How It Works: You can run vmalert with special flags (-replay.timeStart, -replay.timeEnd) to make it re-crunch the numbers against your historical data. VictoriaMetrics is a champ at ingesting this backfilled data efficiently, no matter the timestamp, without any performance hits.

Here’s an example of how Mathias invoked vmalert for backfilling:

#!/bin/bash
docker run  -v ./stream.yaml:/etc/vmalert/stream.yaml \ 
quay.io/victoriametrics/vmalert:v1.118.0 /vmalert-prod \
 -rule=/rules/stream.yml \
 -datasource.url=http://victoriametrics:8428 \
 -remoteWrite.url=http://victoriametrics:8428 \
 -replay.timeFrom=2025-05-00T00:00:00Z

(Based on the command structure Mathias was building and explaining) Make sure the rule file (stream.yaml in this case) contains the corrected recording rule.
Important Note on Data: As Roman, one of VictoriaMetrics’ co-founders, clarified during the Tech Talk, backfilling a recording rule writes a new time series with that recording rule’s name for the period you specify. It doesn’t go back and change an existing time series. If the rule was missing or wrong for that past period, this new series will hold the historically accurate calculations. If some data for that rule and period already existed, VictoriaMetrics’ deduplication smarts might come into play.

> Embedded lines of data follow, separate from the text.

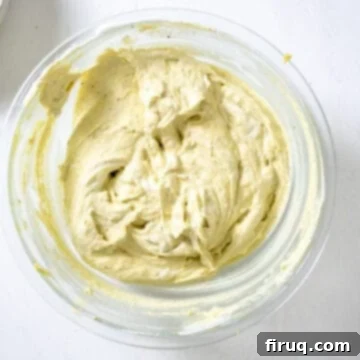 Emerald Dream Tiramisu 10 Whipped cream gently folded into the pistachio cream mixture for a light, airy texture.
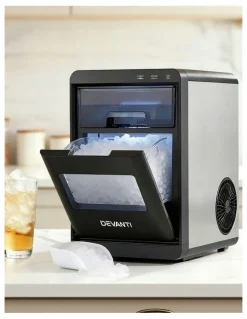 Devanti Ice Maker Machine 20kg Chewable Nugget Ice Countertop with Self Cleaning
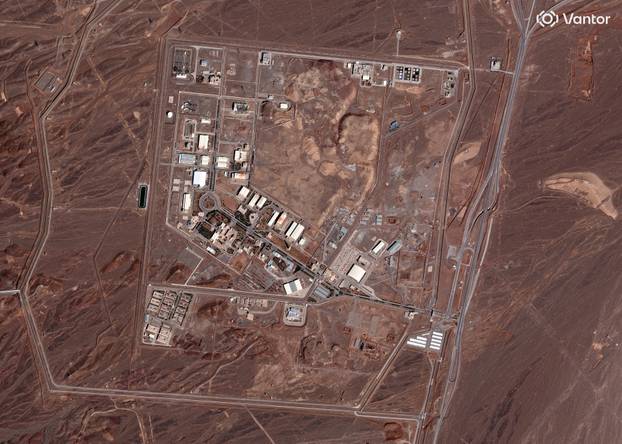 Satellite image shows an overview of the Natanz Nuclear Facility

Mathias showed this by fixing a recording rule for http_average_latency. Initially, it was missing a by operation, causing it to incorrectly sum up latencies instead of averaging them per instance.

Original (broken) rule might have looked like:

 - name: Blackbox SLO
   interval: 5m
   type: prometheus
   rules:
     - record: http:avg:latency:5m
       expr: 'avg(http_response_response_time[5m])'

Corrected rule (added by (instance, job) so the SLO is calculated per website instead of across all websites):

 - name: Blackbox SLO
   interval: 5m
   type: prometheus
   rules:
     - record: http:avg:latency:5m
       expr: 'avg(http_response_response_time[5m]) by (server)'

By running vmalert in replay mode with the corrected rule, he successfully generated the missing, accurate historical data. [cite: 520, 521]

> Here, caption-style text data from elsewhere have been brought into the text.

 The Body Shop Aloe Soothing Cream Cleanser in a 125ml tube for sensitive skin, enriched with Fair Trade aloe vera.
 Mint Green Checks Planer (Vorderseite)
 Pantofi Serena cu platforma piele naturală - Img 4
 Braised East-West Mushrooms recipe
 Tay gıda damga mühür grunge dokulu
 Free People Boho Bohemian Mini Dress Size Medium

Metric graph in Grafana showing backfilled data Grafana chart comparing original vs updated recording rules

Alerting Made Easy with VictoriaMetrics Cloud

#

For those who prefer a managed solution, VictoriaMetrics Cloud offers a super smooth way to set up alerting without needing to manage the vmalert and Alertmanager infrastructure yourself. Jose gave us a great walkthrough of this “easy button” approach:

Get Started: First, you create a VictoriaMetrics instance in the Cloud. For the demo, a small, single-node instance did the trick.
Send Your Data: Metrics can come from all sorts of places. Jose used an OpenTelemetry collector running in a Kubernetes cluster. The VictoriaMetrics Cloud UI is really helpful here, providing configuration snippets, including the endpoint URL and access token, to get your collectors sending data quickly.

Jose even showed how his OpenTelemetry collector was configured to send metrics to both a local VictoriaMetrics instance and his new VictoriaMetrics Cloud instance.

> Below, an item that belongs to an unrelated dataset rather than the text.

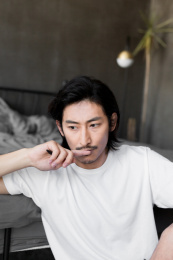 在家办公的商务人士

VictoriaMetrics Cloud dashboard with incoming metrics data

A snippet of the OpenTelemetry collector config (values.yaml for Helm) Jose used:

# otel-collector-config.yaml (simplified example)
exporters:
  otlphttp/to_vmcloud:
    endpoint: "YOUR_VICTORIAMETRICS_CLOUD_OTLP_HTTP_ENDPOINT" # [cite: 297, 302]
    headers:
      Authorization: "Bearer YOUR_ACCESS_TOKEN" # [cite: 297, 302]
# ... other collector configurations ...
service:
  pipelines:
    metrics:
      receivers: [otlp] # Or your specific receiver
      processors: [batch] # Or your processors
      exporters: [otlphttp/to_vmcloud] # Add other exporters if needed [cite: 307]

(Based on Jose’s description of configuring the OTel collector to send to VM Cloud)

Set Up Notifiers: In the Cloud UI, you configure your notifiers (e.g., Slack). This usually means giving it details like a webhook URL and channel info. What’s great is the UI also shows you the underlying Alertmanager configuration YAML, which is fantastic for learning how it works under the hood!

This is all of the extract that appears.